In Papua New Guinea, many settlements have been established in forest areas, which largely retain their forest cover, but are interspersed with gaps in the canopy where dwellings constructed of forest materials are visible. These forest settlements tend to be flanked by “gardens,” small-scale agricultural areas where edible subsistence crops are grown. Many of these small-scale croplands retain some forest cover. The Collect Earth sampling approach, which largely relies upon manual visual interpretation of high spatial resolution imagery is well suited for detecting these types of settlements and croplands, which retain some tree cover. In contrast, Earth Engine’s automated interpretation of medium resolution imagery is prone to classify these areas with large amounts of tree cover as forest; hence the substantial commission error with forest.

Classification objective

The validity of the classification is nearly 90%. While this figure is important, the validity of a particular class may be of greater importance depending upon how the wall-to-wall classification will be used. If this classification were intended to determine the spatial extent of forest and potential forest inventory sites, this classification with 95% validity in the forest class might be suitable. However, a map with less than 50% classification validity for the cropland, settlement and other land and would be inadequate for national reporting of land use, land use change and forestry to the UNFCCC. This is particularly problematic because such high levels of commission error with forest land is likely to inflate carbon stock values.

Stratified sampling and adequate sampling sizes

Drawing upon over one thousand training points, the Random Forest algorithm performs extremely well when classifying forest areas.

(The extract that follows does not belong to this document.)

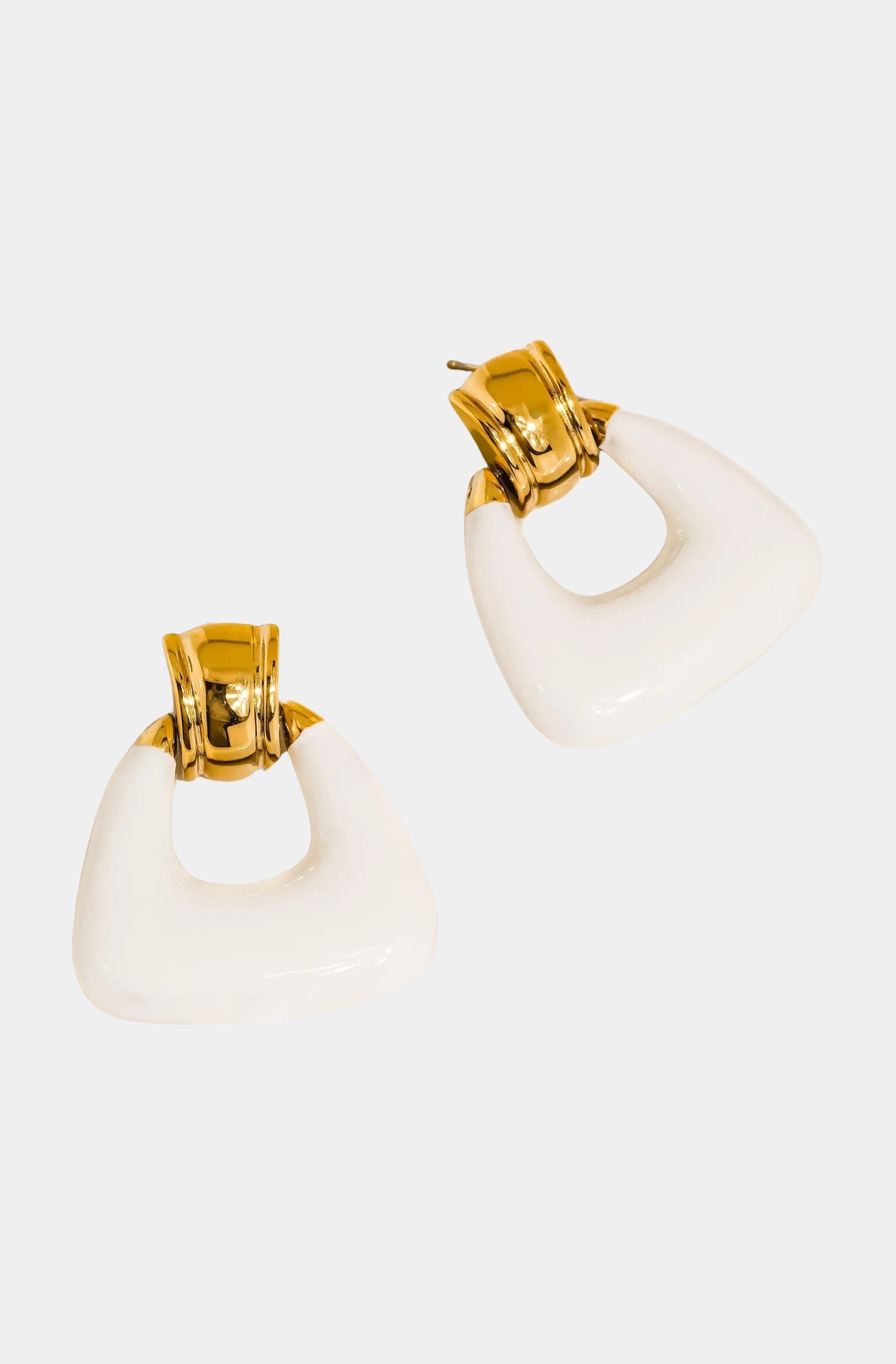 Janelle Enamel Geometric Drop Earrings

The remaining classes have 93% – 99.6% fewer training points, and consequently, poorly defined class boundaries Increasing the number of training points for these under represented classes through a stratified-random sampling scheme may improve the overall validity of the classification.

Layers that have been computed in Earth Engine can be downloaded and used in other GIS applications such as QGIS. Click on the download icon at the bottom of the layer settings window.

Enter your preferred format, projection and resolution before clicking Download.

A workspace with its assorted raster and vector files and Earth Engine computed layers can be saved by clicking on the Manage workspace button up top and selecting Save now.

The Share workspace option generates a link that can be used to revisit a saved workspace or to share it with others.